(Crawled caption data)
BEGIN
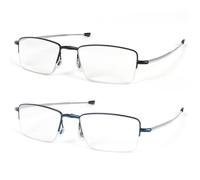 KoKoBin 2 Pack Foldable Stainless Steel Reading Glasses with Half Frame Mini Anti-Blue Light Reader for Men Women (2 Pack（Black、Blue）, 1, x)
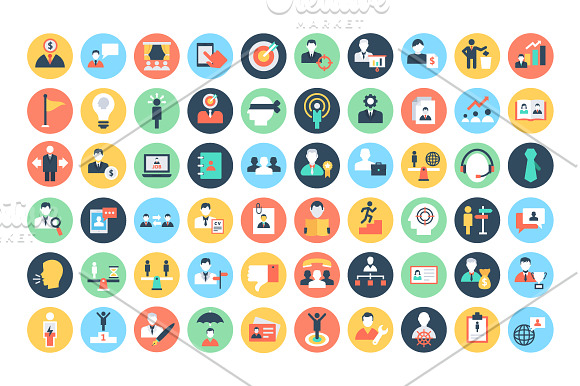 100+ Flat Human Resources Icons  in Flat Icons - product preview 1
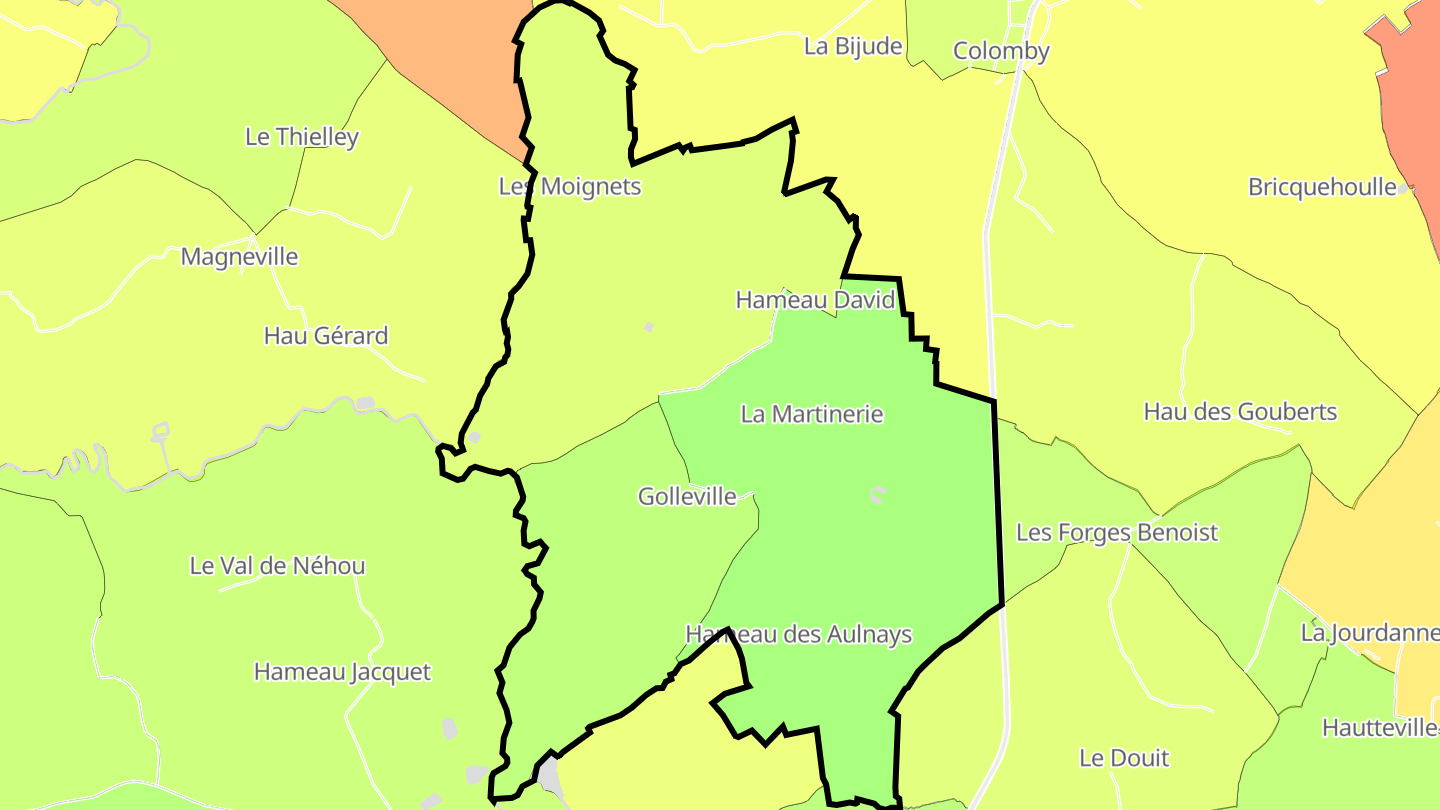 Carte des prix de l'immobilier Golleville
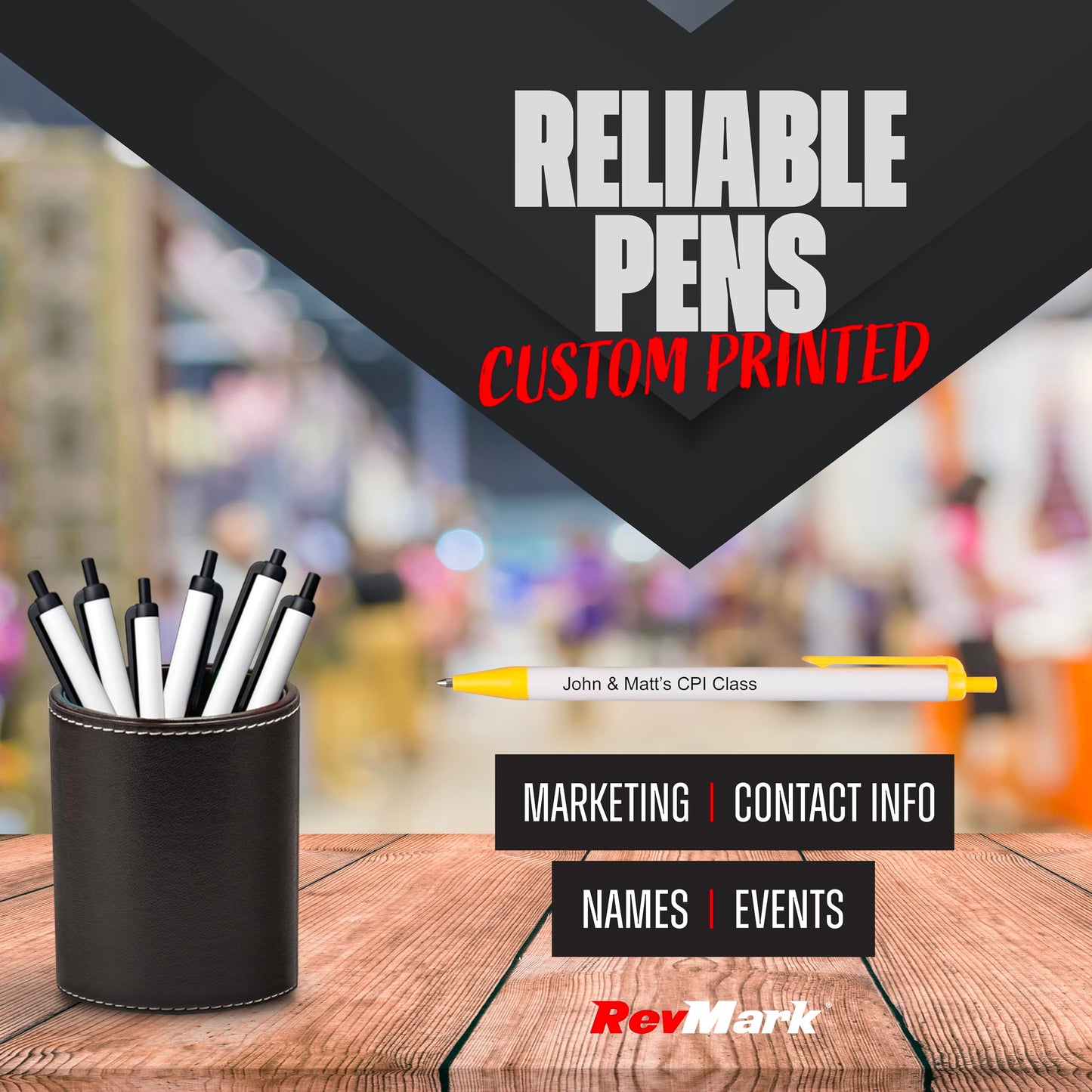 RevMark Personalized Ballpoint Pen, Custom Printed Name, Business or Event Information, Timeless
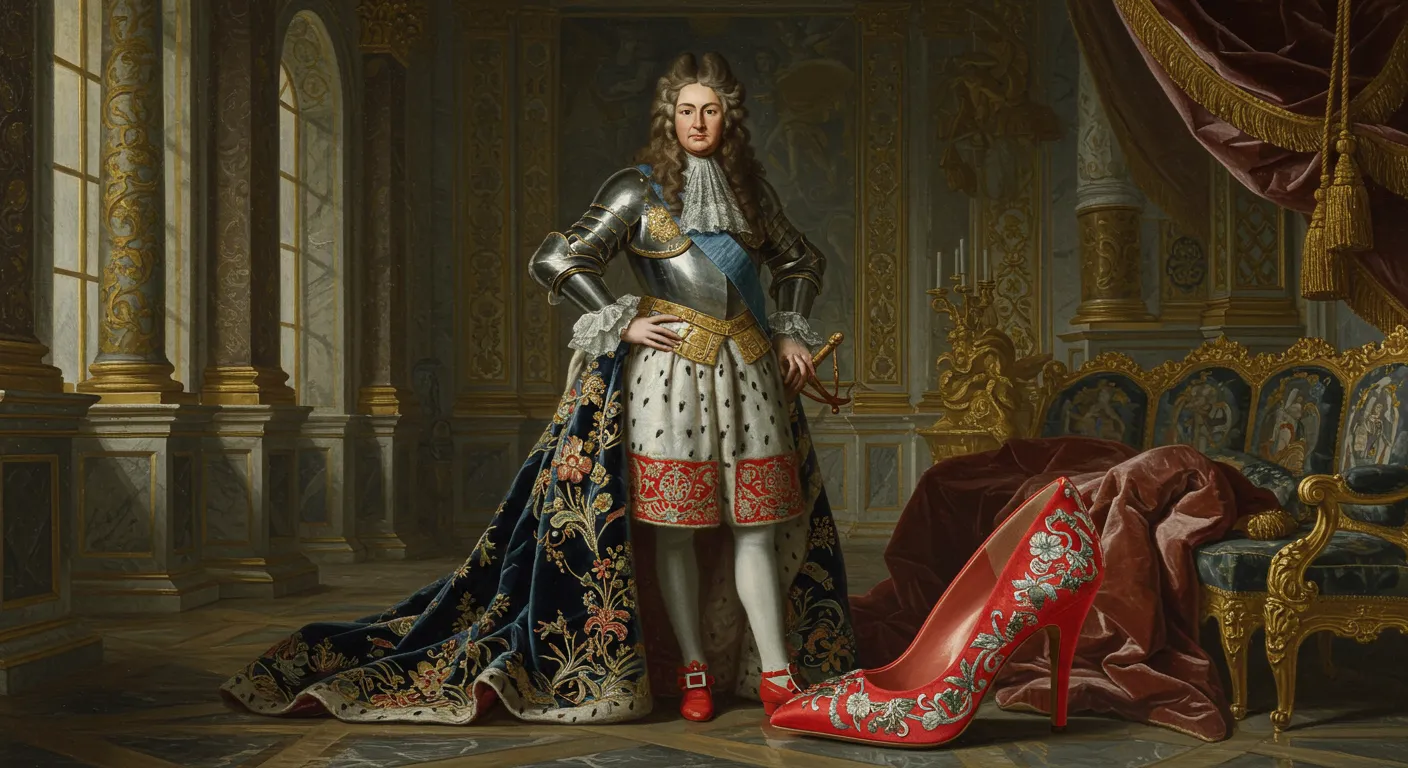 하이힐을 신고 있는 국왕 모습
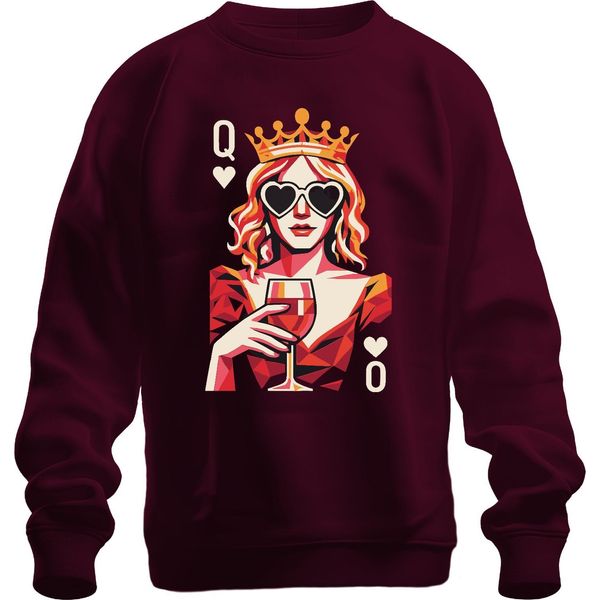 Queen Of Hearts Wine Glass Popart Crown Heart Glasses Wine Retro Unisex Felpa Pullover, Borgogna, M-image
END
### EXERCISE AIM
No pictures should appear in the copy, which holds exactly the lines from the first line of the data through the line with "100+ Flat Human" and nothing else.

### RESPONSE AREA
 KoKoBin 2 Pack Foldable Stainless Steel Reading Glasses with Half Frame Mini Anti-Blue Light Reader for Men Women (2 Pack（Black、Blue）, 1, x)
 100+ Flat Human Resources Icons  in Flat Icons - product preview 1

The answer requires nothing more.